Short descriptive text snippets
■ ■ ■ ■

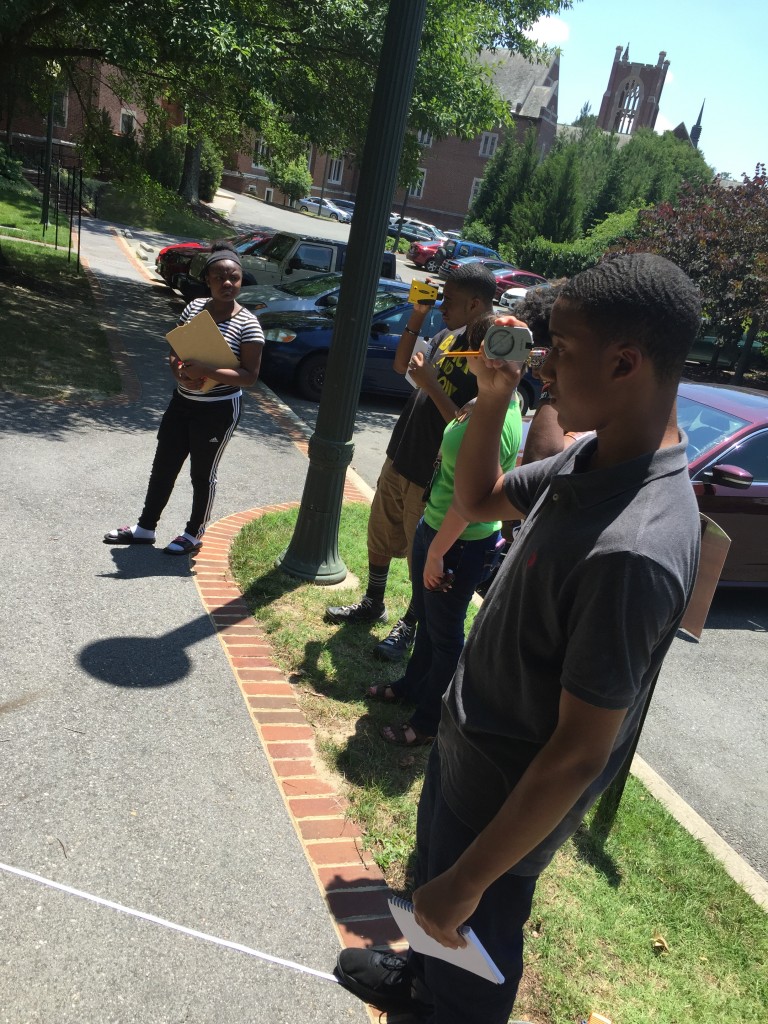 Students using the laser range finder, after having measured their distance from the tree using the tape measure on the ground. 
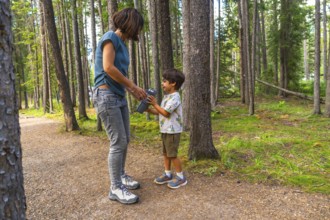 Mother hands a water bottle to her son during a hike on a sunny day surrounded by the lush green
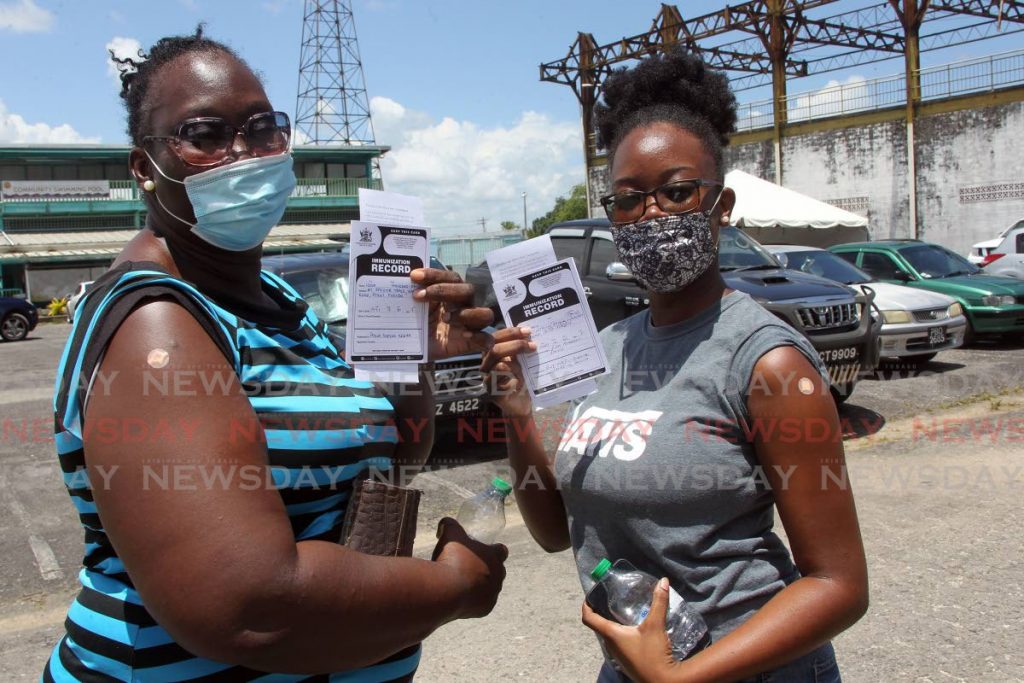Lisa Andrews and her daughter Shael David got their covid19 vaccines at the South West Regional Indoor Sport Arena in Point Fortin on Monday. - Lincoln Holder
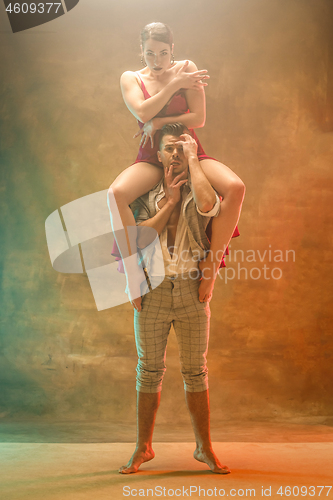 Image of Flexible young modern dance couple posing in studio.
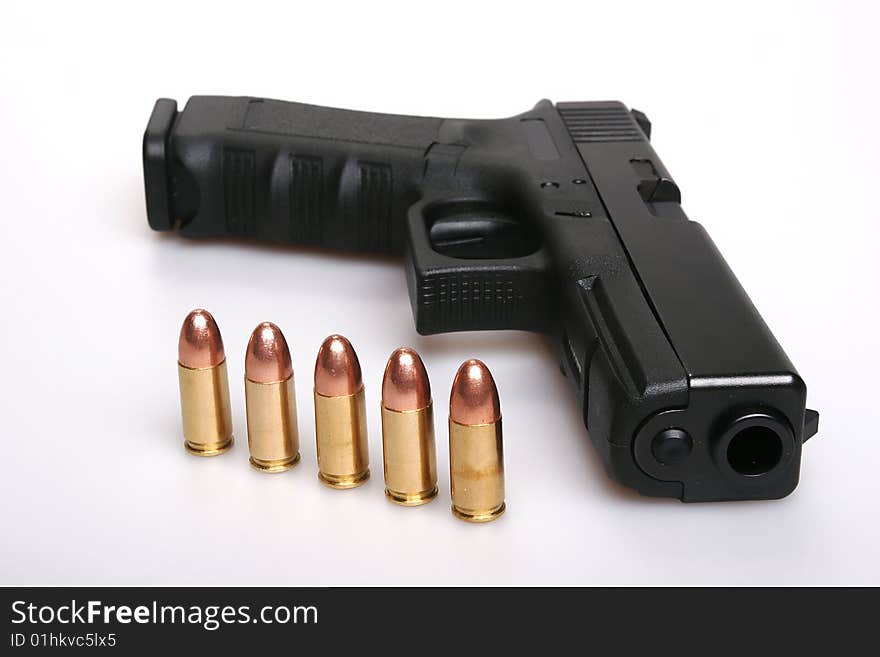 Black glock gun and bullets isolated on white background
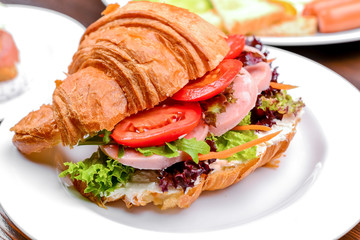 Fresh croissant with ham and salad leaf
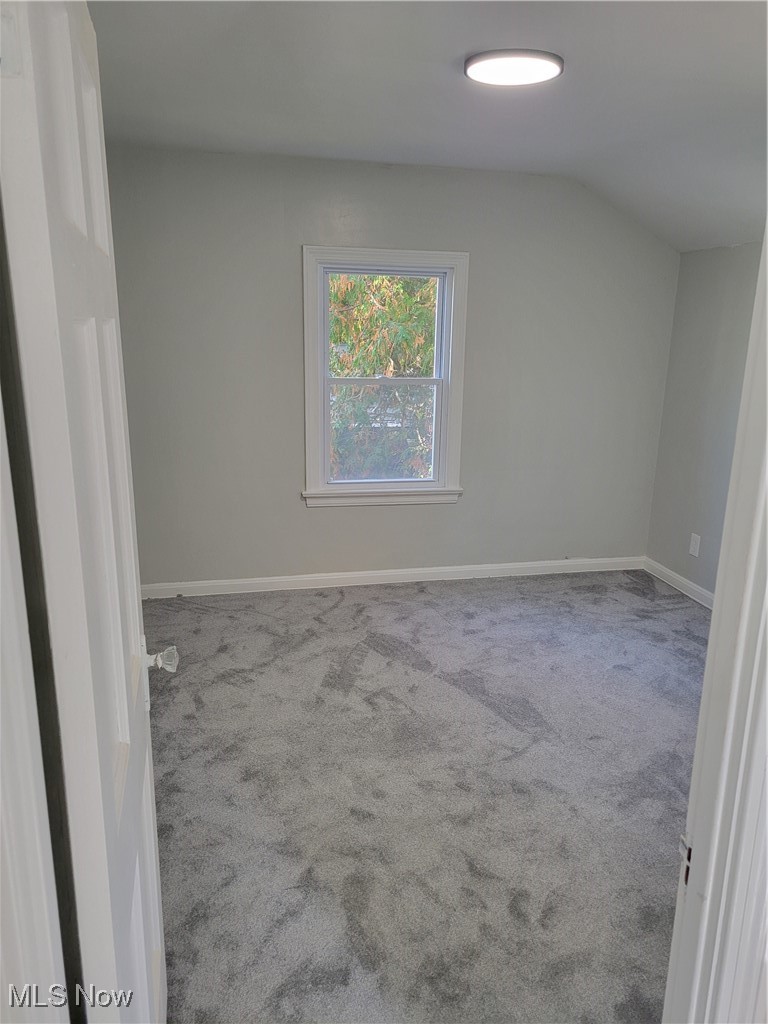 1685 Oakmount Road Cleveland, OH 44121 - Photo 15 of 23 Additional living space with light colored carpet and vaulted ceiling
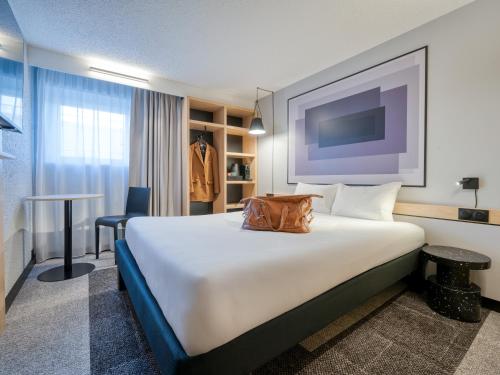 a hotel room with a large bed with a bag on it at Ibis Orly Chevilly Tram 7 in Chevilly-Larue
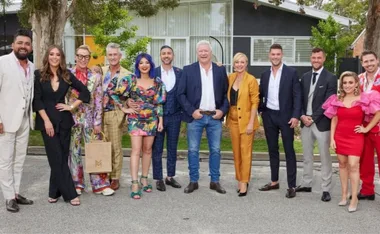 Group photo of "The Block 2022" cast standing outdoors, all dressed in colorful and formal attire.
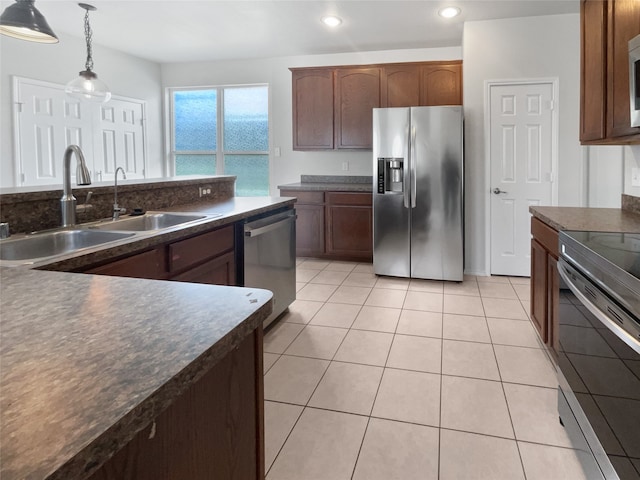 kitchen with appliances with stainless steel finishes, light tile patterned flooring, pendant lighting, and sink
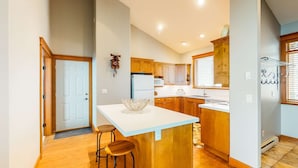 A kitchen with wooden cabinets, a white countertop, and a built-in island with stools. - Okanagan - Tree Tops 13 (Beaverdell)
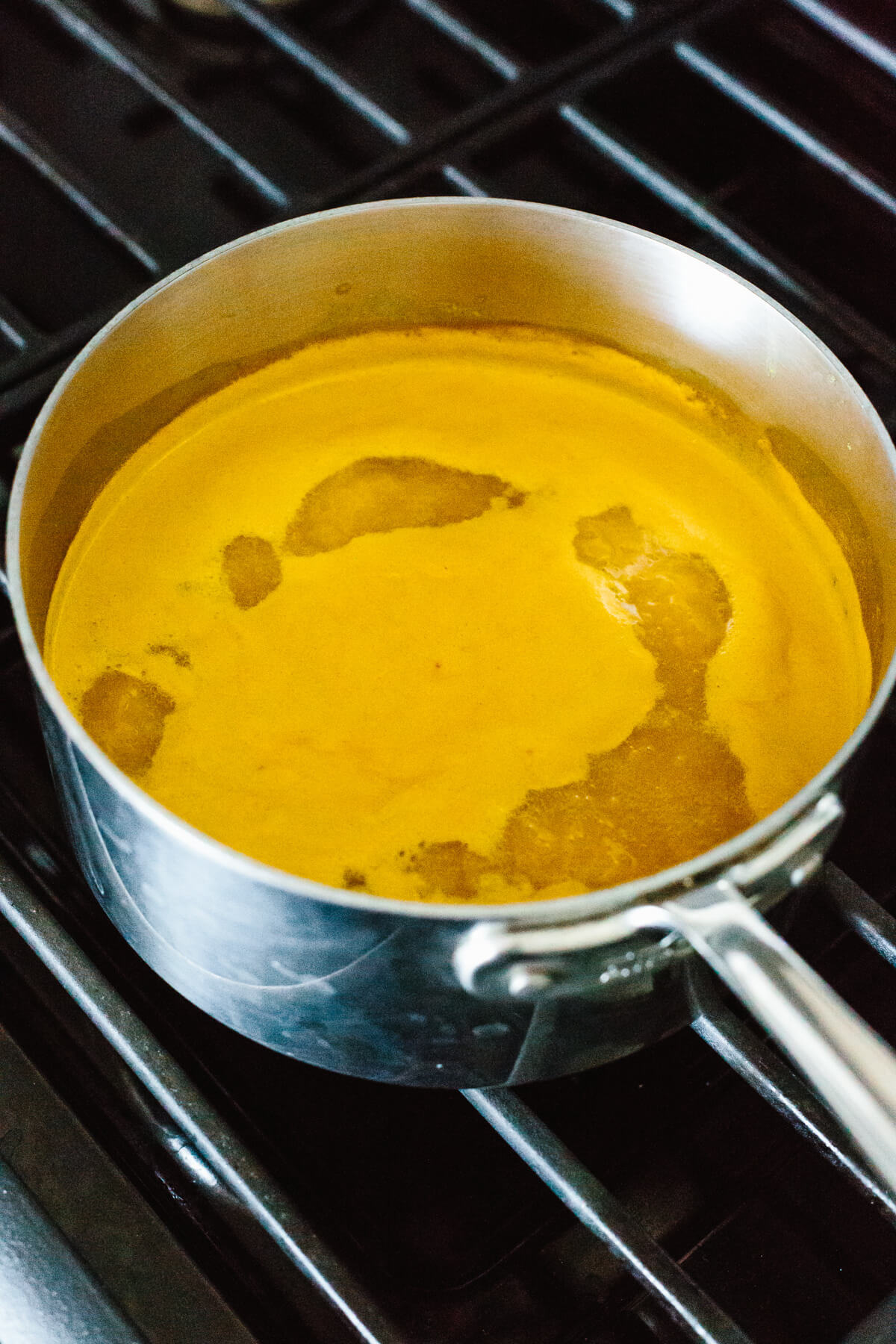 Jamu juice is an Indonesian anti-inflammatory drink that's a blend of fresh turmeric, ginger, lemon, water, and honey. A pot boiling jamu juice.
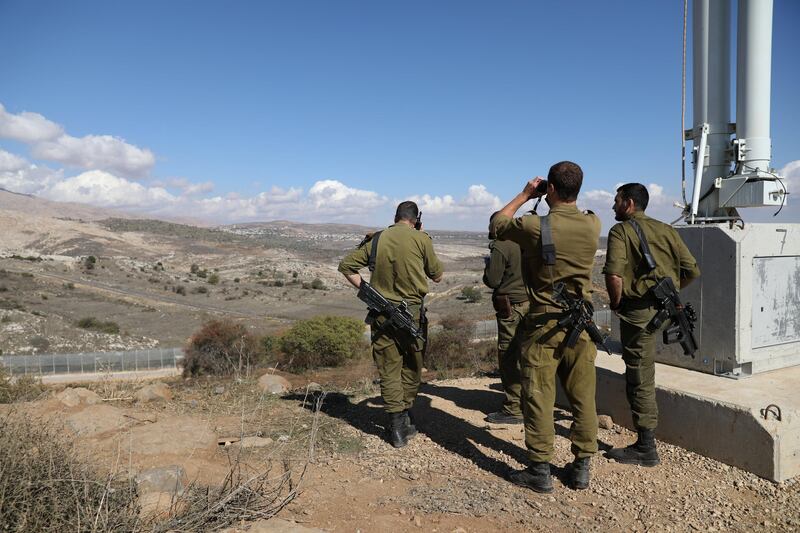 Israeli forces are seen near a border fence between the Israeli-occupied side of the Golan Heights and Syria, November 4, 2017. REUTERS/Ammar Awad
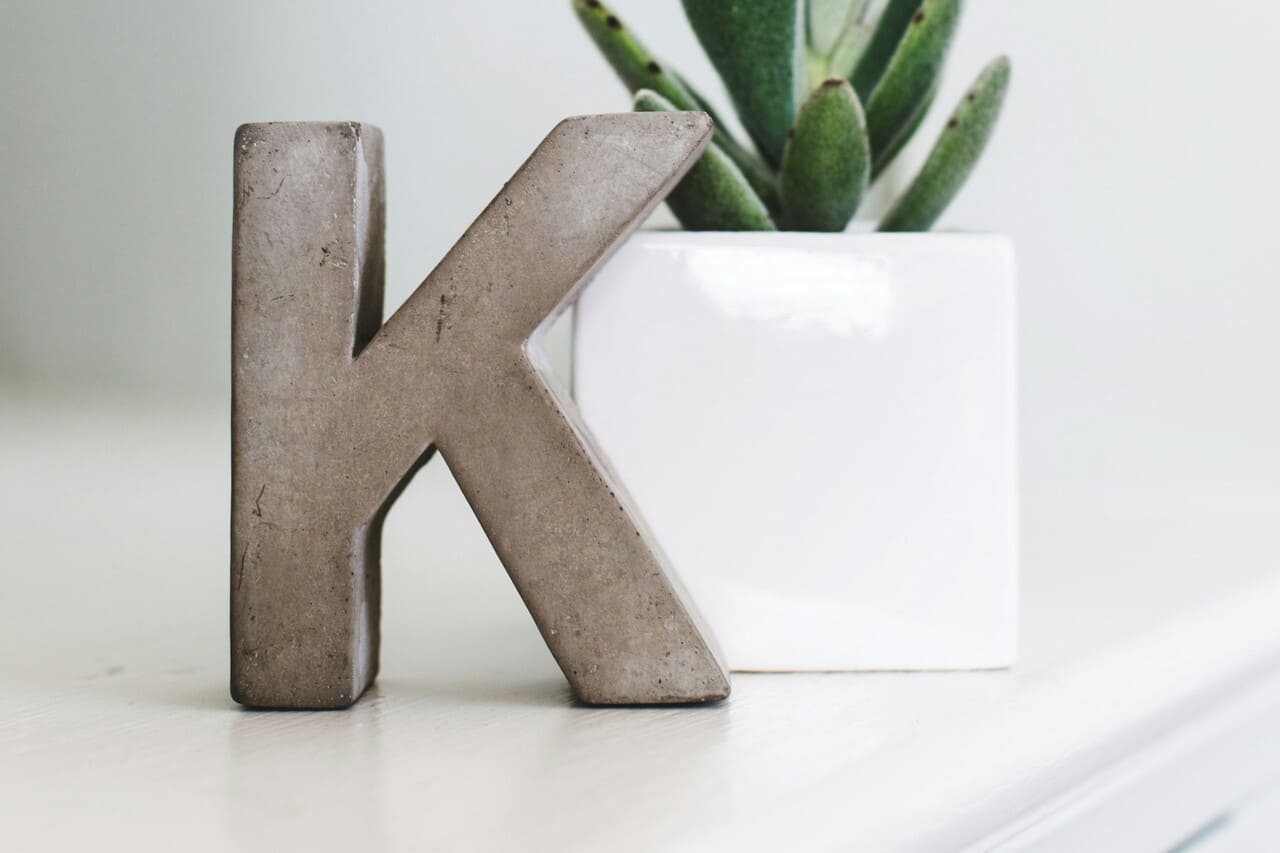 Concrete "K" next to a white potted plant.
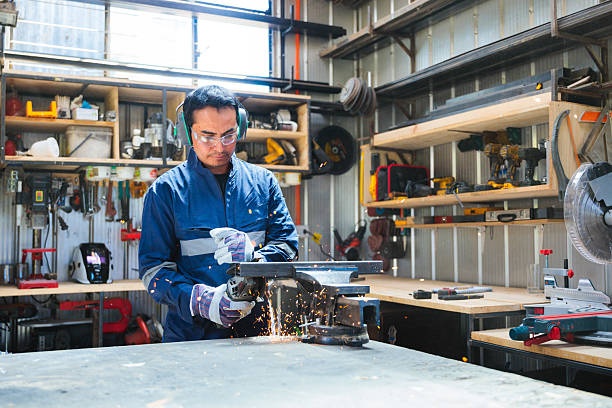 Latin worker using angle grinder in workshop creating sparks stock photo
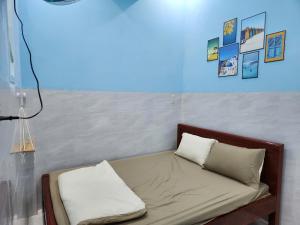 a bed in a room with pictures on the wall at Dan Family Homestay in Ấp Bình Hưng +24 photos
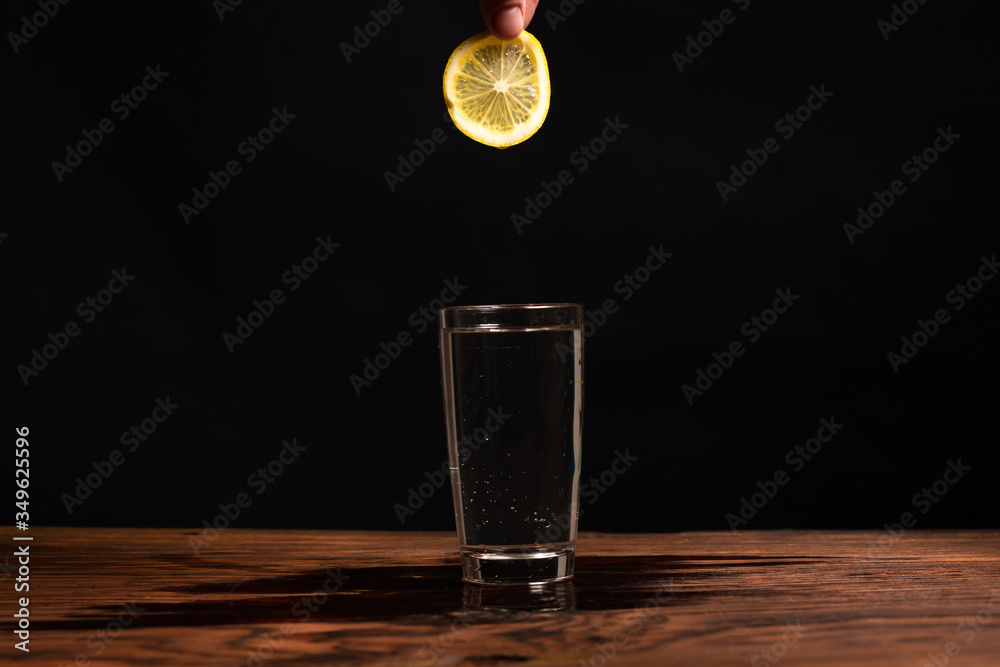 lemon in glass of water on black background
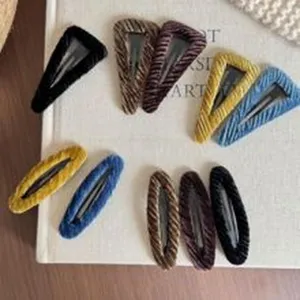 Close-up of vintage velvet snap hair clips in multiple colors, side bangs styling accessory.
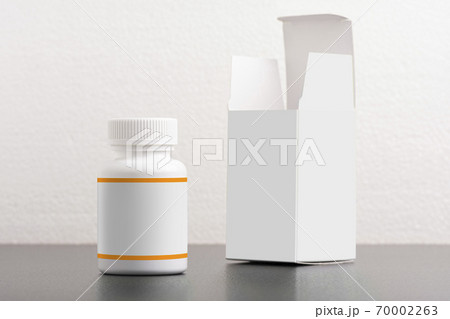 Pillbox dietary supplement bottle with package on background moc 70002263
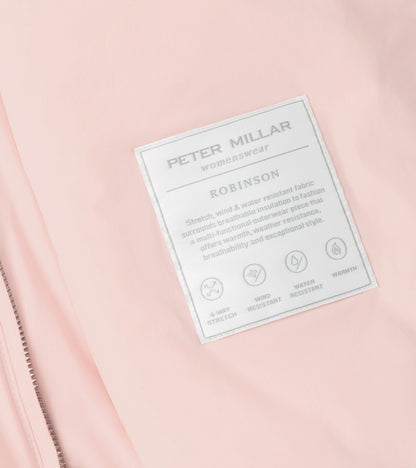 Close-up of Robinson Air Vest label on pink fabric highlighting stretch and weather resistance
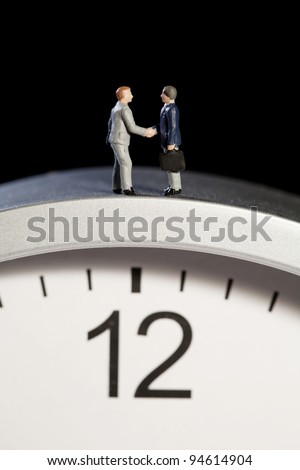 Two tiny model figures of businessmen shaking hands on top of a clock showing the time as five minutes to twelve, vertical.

■ ■ ■ ■

_Work instruction_
Restating the data word for word is the task, and pictures are to be omitted.

_Answer to the exercise_
 Students using the laser range finder, after having measured their distance from the tree using the tape measure on the ground. 
 Mother hands a water bottle to her son during a hike on a sunny day surrounded by the lush green
Lisa Andrews and her daughter Shael David got their covid19 vaccines at the South West Regional Indoor Sport Arena in Point Fortin on Monday. - Lincoln Holder
 Image of Flexible young modern dance couple posing in studio.
 Black glock gun and bullets isolated on white background
 Fresh croissant with ham and salad leaf
 1685 Oakmount Road Cleveland, OH 44121 - Photo 15 of 23 Additional living space with light colored carpet and vaulted ceiling
 a hotel room with a large bed with a bag on it at Ibis Orly Chevilly Tram 7 in Chevilly-Larue
 Group photo of "The Block 2022" cast standing outdoors, all dressed in colorful and formal attire.
 kitchen with appliances with stainless steel finishes, light tile patterned flooring, pendant lighting, and sink
 A kitchen with wooden cabinets, a white countertop, and a built-in island with stools. - Okanagan - Tree Tops 13 (Beaverdell)
 Jamu juice is an Indonesian anti-inflammatory drink that's a blend of fresh turmeric, ginger, lemon, water, and honey. A pot boiling jamu juice.
 Israeli forces are seen near a border fence between the Israeli-occupied side of the Golan Heights and Syria, November 4, 2017. REUTERS/Ammar Awad
 Concrete "K" next to a white potted plant.
 Latin worker using angle grinder in workshop creating sparks stock photo
 a bed in a room with pictures on the wall at Dan Family Homestay in Ấp Bình Hưng +24 photos
 lemon in glass of water on black background
 Close-up of vintage velvet snap hair clips in multiple colors, side bangs styling accessory.
 Pillbox dietary supplement bottle with package on background moc 70002263
 Close-up of Robinson Air Vest label on pink fabric highlighting stretch and weather resistance
 Two tiny model figures of businessmen shaking hands on top of a clock showing the time as five minutes to twelve, vertical.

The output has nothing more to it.